I hit a few hurdles and these installation notes are meant for my own future reference. I publish them on this weblog so others might benefit as well.

Environment

A Scientific Linux (RHEL clone) 6.4 64-bit installation, virtualized inside a KVM host. I use macvtap/macvlan networking and virtio drivers. The EPEL repository is activated.

I used the Spamassassin Ultimate Setup Guide written by Warren Togami to get most of the system up.

Fixing SASL support for Postfix

My SASL-Postfix configuration

As the mailserver is mainly a spam filter and frontend SMTP receiver, I do not run Dovecot or other IMAP servers on the box. So I opted for the Cyrus SASL components.

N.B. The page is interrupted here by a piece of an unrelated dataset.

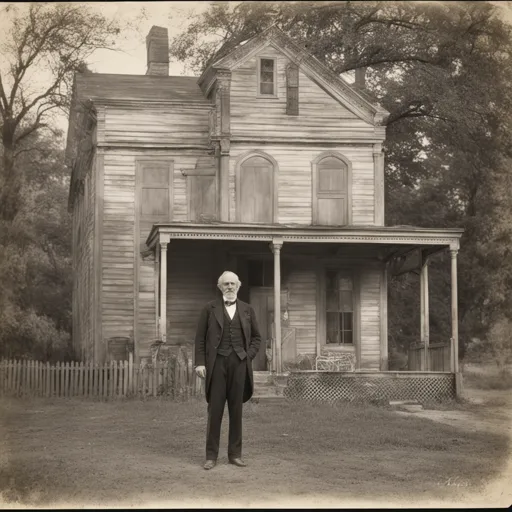 James Fields Smathers
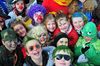 Neerpelt - Kindercarnaval op Boseind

Furthermore I use the sasldb plugin to have more secure password mechanisms over the line (I don’t care about the unencrypted storage as my SMTP password differ from user passwords). Manage SMTP users with saslpasswd2 (db stored in /etc/sasldb2).

Install SASL support:

yum install cyrus-sasl*

cat /etc/sasl2/smtpd.conf

pwcheck_method: auxprop
auxprop_plugin: sasldb
mech_list: CRAM-MD5 DIGEST-MD5 NTLM

cat /etc/postfix/main.cf | grep sasl

smtpd_sasl_auth_enable = yes
smtpd_sasl_local_domain =
broken_sasl_auth_clients = yes
smtpd_sasl_security_options = noanonymous, noplaintext

Postfix error: no SASL authentication mechanisms

less /var/log/messages

filter postfix/smtpd[12154]: fatal: no SASL authentication mechanisms

Install all “mechanisms”:

yum install cyrus-sasl*

Check mechanism files using:

ls /usr/lib64/sasl2/

Postfix error: sql_select option missing

less /var/log/messages

Oct 17 12:41:35 filter postfix/smtpd[3852]: sql_select option missing
Oct 17 12:41:35 filter postfix/smtpd[3852]: auxpropfunc error no mechanism available
Oct 17 12:41:35 filter postfix/smtpd[3852]: auxpropfunc error invalid parameter supplied

According to CarbonCopy, “I found this on another site and it worked fine”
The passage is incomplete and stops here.